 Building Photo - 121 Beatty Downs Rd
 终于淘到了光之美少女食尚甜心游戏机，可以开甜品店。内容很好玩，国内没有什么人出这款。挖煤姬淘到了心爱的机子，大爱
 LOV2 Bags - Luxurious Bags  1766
==
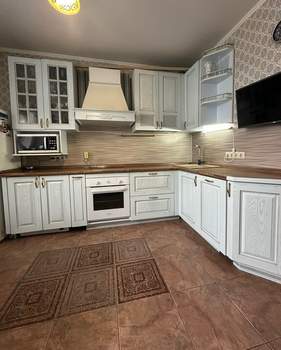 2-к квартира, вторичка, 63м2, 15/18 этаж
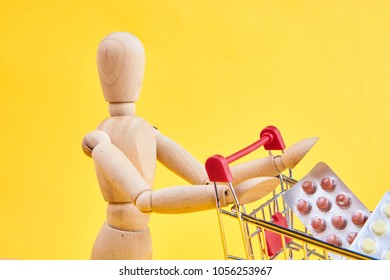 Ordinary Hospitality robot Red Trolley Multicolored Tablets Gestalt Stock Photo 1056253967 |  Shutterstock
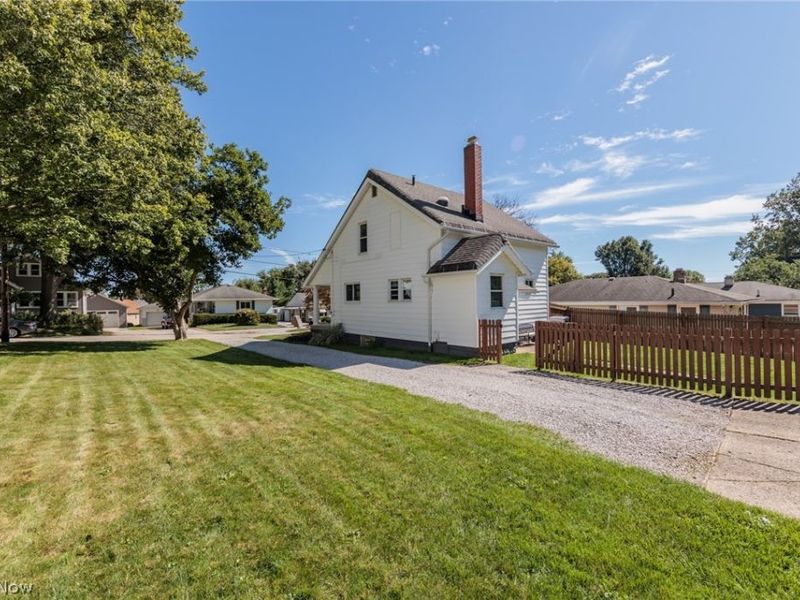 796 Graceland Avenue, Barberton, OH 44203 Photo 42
--
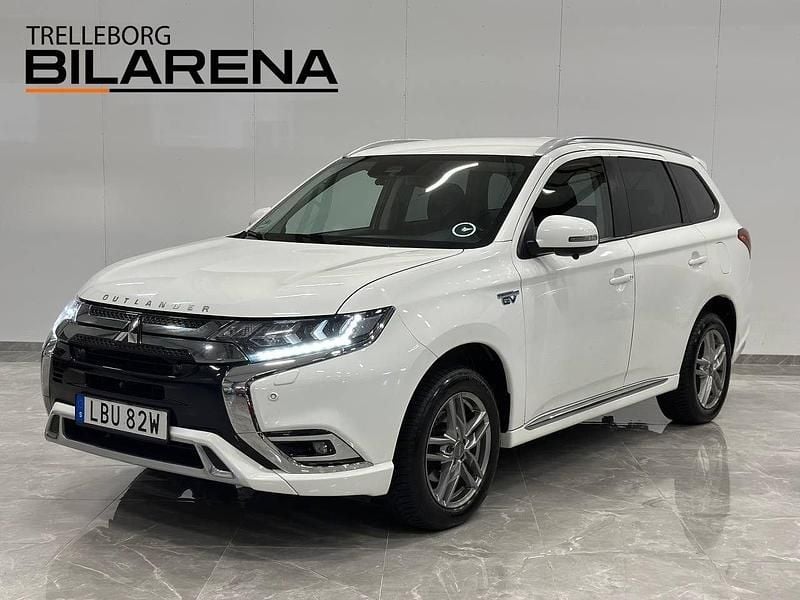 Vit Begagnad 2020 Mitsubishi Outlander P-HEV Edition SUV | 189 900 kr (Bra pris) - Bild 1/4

→ **Assigned task**
In the entries above, find the line with "Ordinary Hospitality robot" and the line with "796 Graceland Avenue, Barberton, OH". Return exactly those lines and all the ones between them, pictures excluded.

→ **Result of the exercise**
 Ordinary Hospitality robot Red Trolley Multicolored Tablets Gestalt Stock Photo 1056253967 |  Shutterstock
 796 Graceland Avenue, Barberton, OH 44203 Photo 42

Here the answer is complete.